Welspun also claims manufacturers are struggling with the current 375MW domestic content requirement (DCR), as part of the national solar mission, threatening solar power projects in the future due to a lack of capacity.
“Already 1GW has been stranded,” said Welspun, as state solar programmes are unable to source panels; meanwhile an impossible 700MW has been prioritised as DCR sourced for the next round of the national solar mission.
Imposing duties means overall that “achieving grid parity and making solar energy affordable can seriously be impeded,” Welspun told PV Tech.
The anti-dumping duty will raise the price of solar per kW “making it expensive and significantly shifting the focus from core areas like energy access, rural electrification and reduction of energy poverty”.

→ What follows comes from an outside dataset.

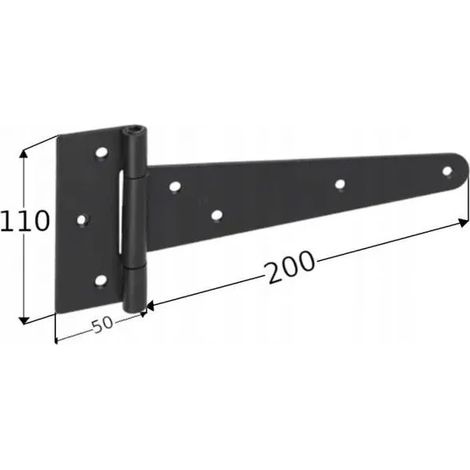 Penture domax zt200 200x50 mm protection duplex (1/3)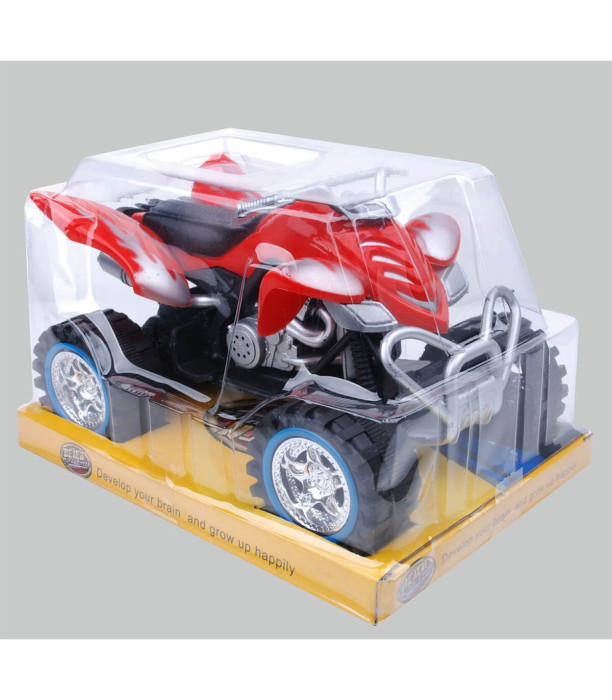 CHILDREN'S BUGGY IN BLISTER - Cars and jeeps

Not only this, but Welspun claimed the anti-dumping measures could prevent the 70% of solar jobs that are not in manufacturing, from continuing to be created, which it said could have a direct impact on national GDP.
The slow down in solar production will also create additional dependence on fossil fuels, impeding India’s climate change and renewables targets.
Decreasing access to clean electricity, job creation and India’s GDP, while increasing fossil fuel dependence and wavering climate change goals, goes against Modi’s election manifesto, especially the popular campaign pledge to bring electricity to every home in India.
Analysts Bridge to India spoke out last week, declaring that the anti-dumping measures would halt India’s solar industry for two years.
As an alternative, Welspun suggests Modi and the new government look to find other economic incentives and encourage foreign investment in India’s solar industry.